Hannah, eine 19-Jährige Studentin aus Offenbach, schildert: „Das Studium an sich macht mir schon zu schaffen. Es ist anstrengend und die Corona-Krise macht es nicht besser.“ Vielen Studierenden geht es wie Hannah. Am Wochenende ausgehen war die Belohnung für das Lernen unter der Woche. Doch das ist momentan kaum möglich. „Die Situation auf der ganzen Welt ist schon irgendwie deprimierend“, sagt die Studentin. Fernsehen ist für sie wie für viele andere die beste Ablenkung. 

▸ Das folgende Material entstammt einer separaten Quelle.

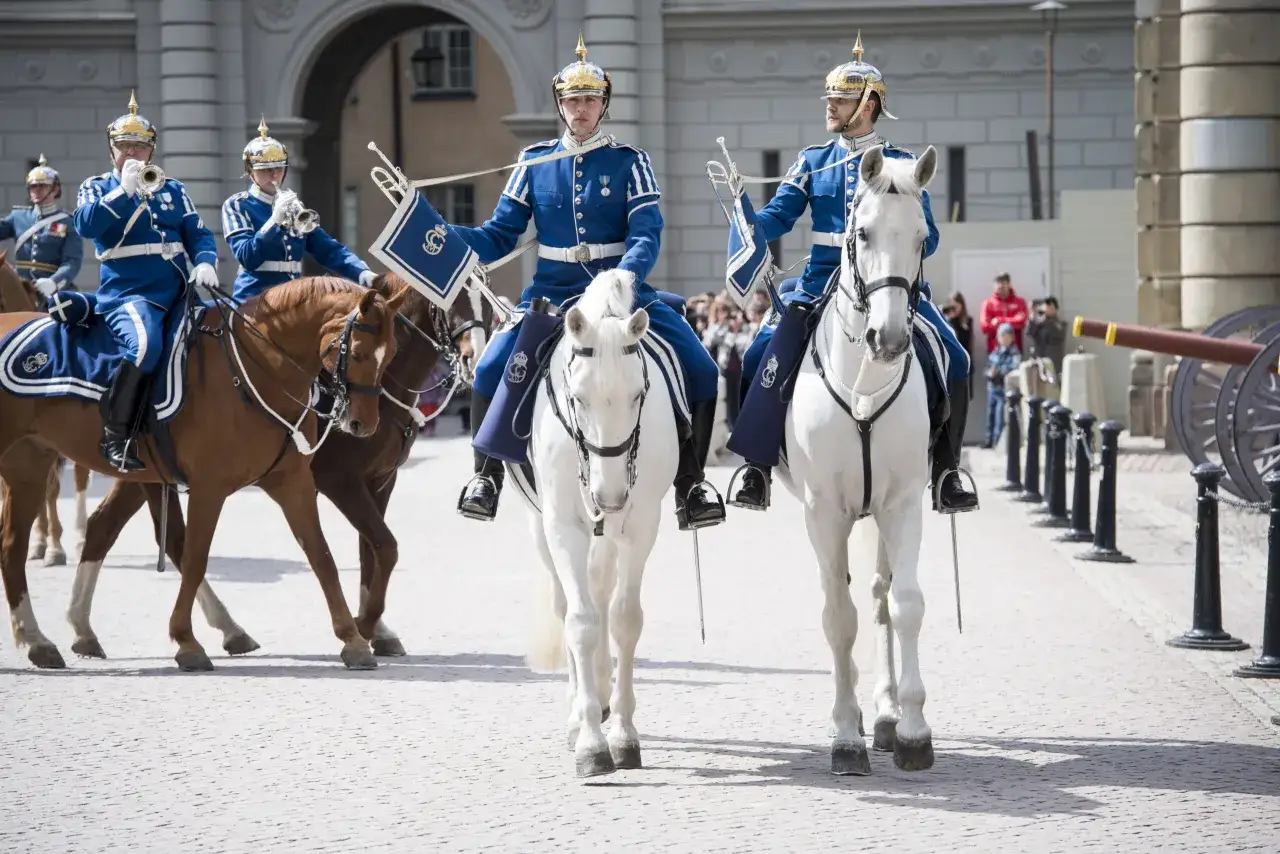 Livgardets dragonmusikk&aring;r i bl&aring; uniformer rider vita och bruna h&auml;star. En musiker spelar trumpet.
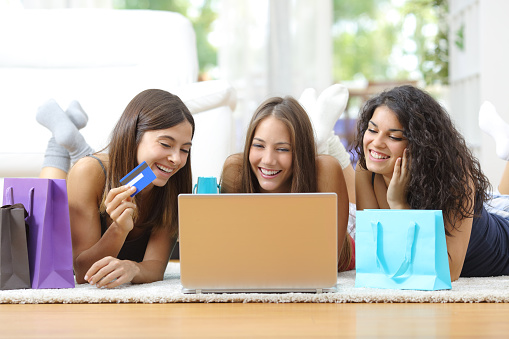 Three friends shopping online with credit card and laptop lying on the floor at home
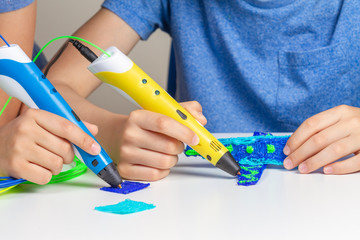 Two kid hands creating with 3d printing pens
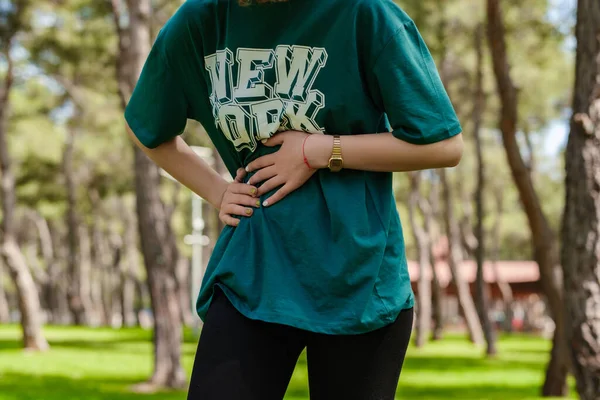 緑のTシャツと黒の足の都市公園に立って着て若いスポーツ女性の作物のビューでは 消化不良 痛みを伴う病気の気分が悪いので 胃の上に手で屋外 アチェの概念 — ストック写真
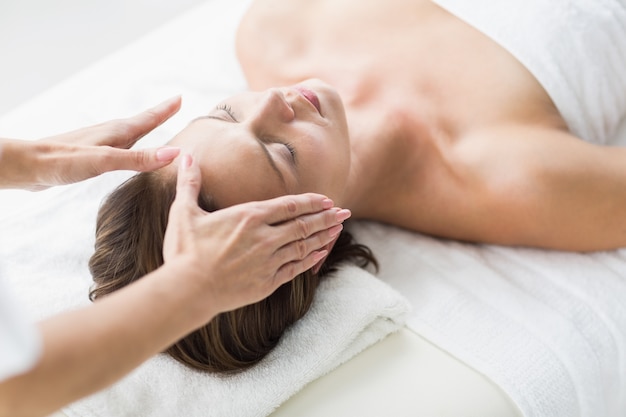 Mains recadrées de thérapeute effectuant un reiki sur une femme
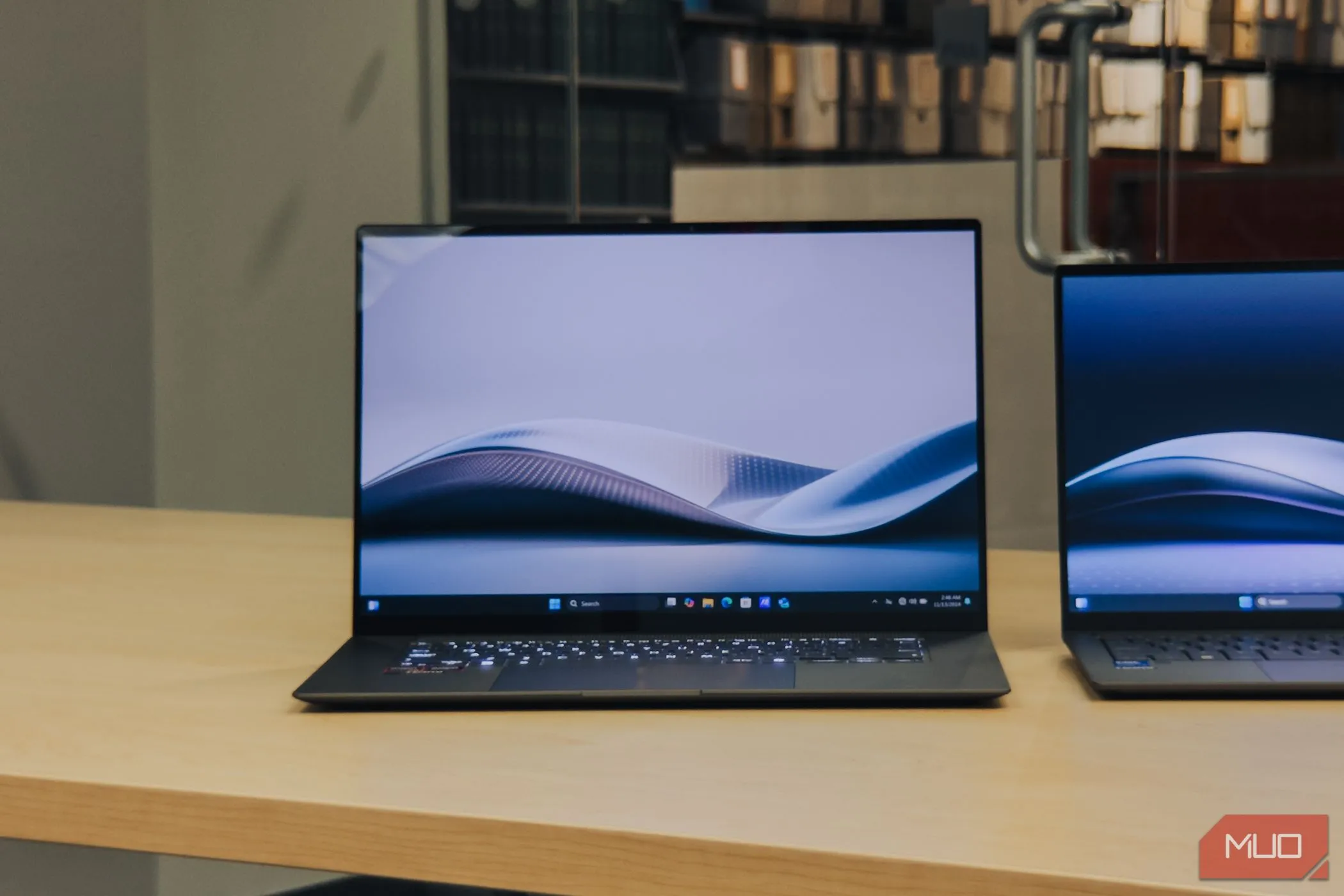 Laptop ASUS Zenbook S 16 OLED màu trắng mở màn hình trên bàn gỗ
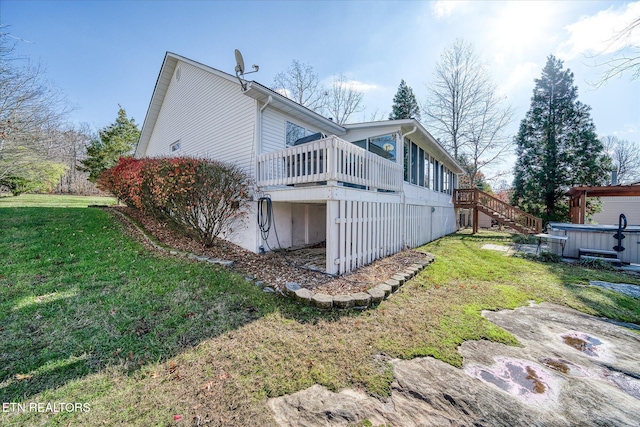 view of side of property with a sunroom, a yard, a hot tub, and a deck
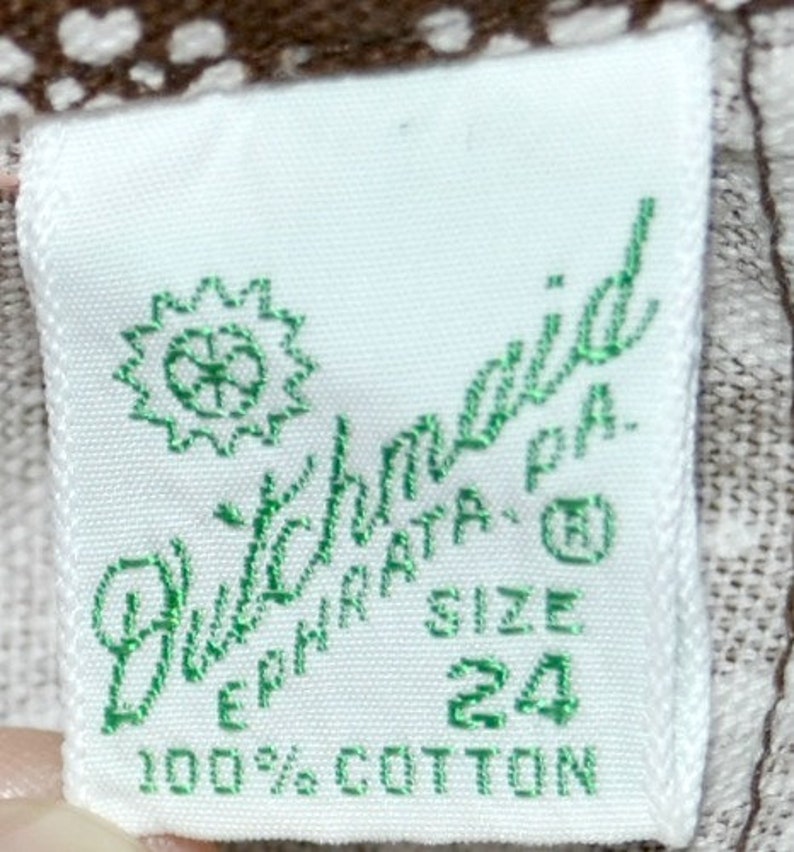 May include: White tag with green text that reads "Buttermilk" "EPHRATA, PA." "SIZE 24" and "100% COTTON".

„Ich vermisse es, mehr zu unternehmen. Auch wenn viele Sachen wieder geöffnet haben, ist es nicht dasselbe mit der Maske und den Abstandsregeln“, erzählt Lukas. Er ist 22 Jahre alt und ein großer Kinofan. „Ja, Zuhause Filme und Serien zu streamen ist entspannt, aber mir fehlen das Kino-Feeling und die Leinwand.“

So wie Lukas geht es vielen Kinofans. Kinobetreiber leiden noch härter, nämlich finanziell. Dmitry Roschan, Personalleiter des Cinemaxx Offenbach sagt: „Es gab Verluste in Millionen Höhe. Kosten für die Miete und ähnliches sind ja weiter gelaufen, obwohl wir keine Einnahmen hatten.“

Es kursieren Gerüchte, dass die Corona-Pandemie auch auf Netflix negative Auswirkungen hatte. Im Internet liest man, dass die Dreharbeiten einiger Produktionen aufgrund des Lockdown, eingestellt werden mussten. Doch Ted Sarandos, bei Netflix für die Inhalte zuständig, beruhigt in einem Gespräch mit Journalisten. Für dieses Jahr wären schon alle Inhalte so gut wie im Kasten. 

Man kann jedenfalls bezweifeln, ob es im laufenden Quartal weiterhin so gut für die Streaming-Portale laufen wird. Je länger die Corona-Pandemie anhält, umso mehr Menschen werden ihren Job verlieren und damit weniger Geld im Monat zur Verfügung haben. Früher oder später macht sich das bei den Abonnentenzahlen bemerkbar. Es bleibt eine spannende Zeit und die weiteren Auswirkungen sind in allen Bereichen schwer vorherzusehen. Es heißt wohl weiterhin abwarten. Viel Spaß beim nächsten Serien Marathon –Lichtschutzfaktor inklusive!